▶ **What is needed**
Each line in the material below must be transcribed exactly; no picture belongs in the copy.
--- Information supplied Enclosed Below ---
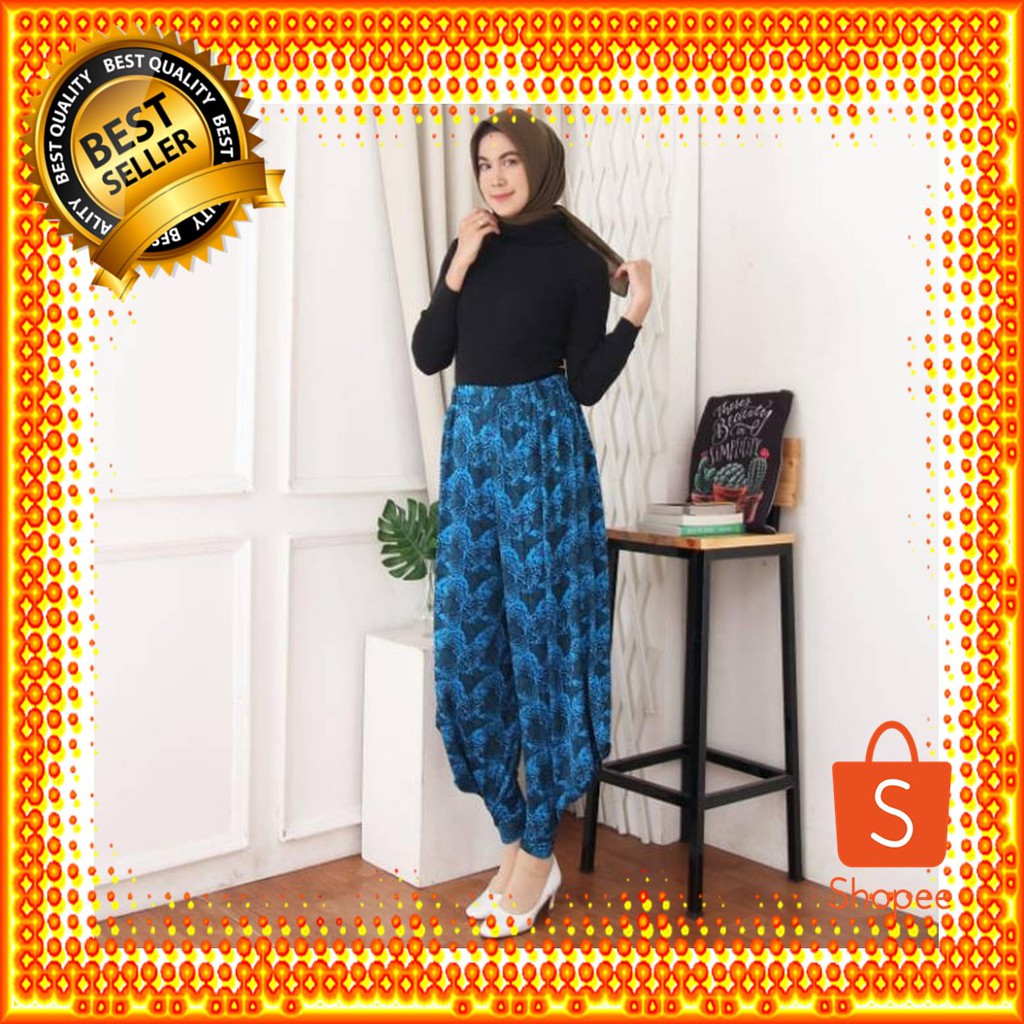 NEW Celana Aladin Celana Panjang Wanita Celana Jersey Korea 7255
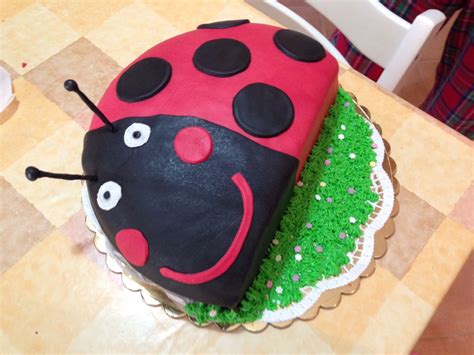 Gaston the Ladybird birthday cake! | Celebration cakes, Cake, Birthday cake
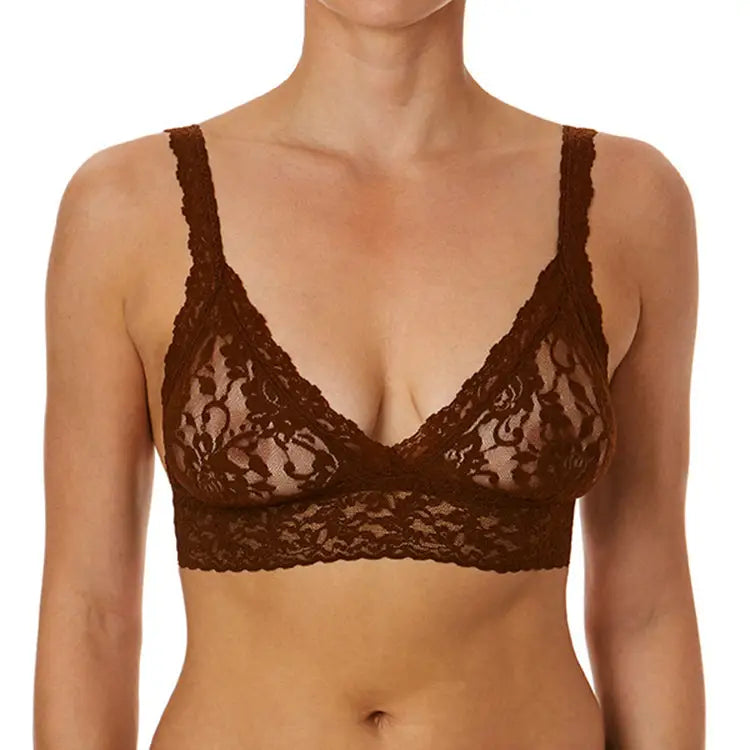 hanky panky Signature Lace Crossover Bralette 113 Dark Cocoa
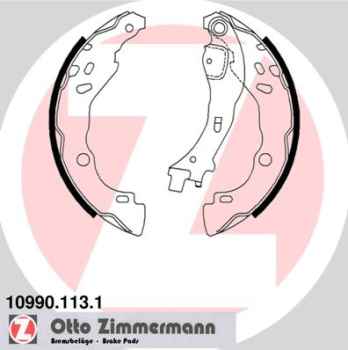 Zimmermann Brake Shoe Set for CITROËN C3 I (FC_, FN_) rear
--- End of Enclosed Information supplied ---
▶ **Solved exercise**
 NEW Celana Aladin Celana Panjang Wanita Celana Jersey Korea 7255
 Gaston the Ladybird birthday cake! | Celebration cakes, Cake, Birthday cake
 hanky panky Signature Lace Crossover Bralette 113 Dark Cocoa
 Zimmermann Brake Shoe Set for CITROËN C3 I (FC_, FN_) rear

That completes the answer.